| Task objective |
Using the data beneath this instruction, retype only the lines from the one that contains "Präsidenten der Vereinigten" down to the one that contains "an empty room", both included, exactly as they appear.
___ Records for the exercise ___
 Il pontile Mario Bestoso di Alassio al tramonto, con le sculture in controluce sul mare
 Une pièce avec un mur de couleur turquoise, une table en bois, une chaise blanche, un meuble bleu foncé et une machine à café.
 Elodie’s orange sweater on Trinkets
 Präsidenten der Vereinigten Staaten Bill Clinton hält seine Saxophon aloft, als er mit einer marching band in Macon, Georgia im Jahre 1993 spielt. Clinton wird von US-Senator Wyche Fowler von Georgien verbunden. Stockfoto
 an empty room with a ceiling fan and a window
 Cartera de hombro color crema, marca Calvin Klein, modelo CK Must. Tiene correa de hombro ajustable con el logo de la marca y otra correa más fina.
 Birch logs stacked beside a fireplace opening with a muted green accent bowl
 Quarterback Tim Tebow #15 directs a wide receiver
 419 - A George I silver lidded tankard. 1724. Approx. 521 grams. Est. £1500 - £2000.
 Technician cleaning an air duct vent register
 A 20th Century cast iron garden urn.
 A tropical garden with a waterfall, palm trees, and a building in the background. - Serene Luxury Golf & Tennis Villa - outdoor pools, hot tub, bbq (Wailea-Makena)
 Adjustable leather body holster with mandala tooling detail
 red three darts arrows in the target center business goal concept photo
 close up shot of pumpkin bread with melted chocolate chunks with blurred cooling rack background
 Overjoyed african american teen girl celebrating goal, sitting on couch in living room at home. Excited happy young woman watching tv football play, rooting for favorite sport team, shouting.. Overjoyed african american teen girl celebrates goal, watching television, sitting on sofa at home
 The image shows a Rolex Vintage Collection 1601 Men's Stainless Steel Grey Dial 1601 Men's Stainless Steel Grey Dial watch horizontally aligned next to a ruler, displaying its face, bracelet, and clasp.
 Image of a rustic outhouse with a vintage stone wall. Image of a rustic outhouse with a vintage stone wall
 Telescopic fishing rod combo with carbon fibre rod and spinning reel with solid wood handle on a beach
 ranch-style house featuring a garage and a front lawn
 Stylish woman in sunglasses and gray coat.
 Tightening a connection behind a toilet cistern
___
| Task response |
 Präsidenten der Vereinigten Staaten Bill Clinton hält seine Saxophon aloft, als er mit einer marching band in Macon, Georgia im Jahre 1993 spielt. Clinton wird von US-Senator Wyche Fowler von Georgien verbunden. Stockfoto
 an empty room with a ceiling fan and a window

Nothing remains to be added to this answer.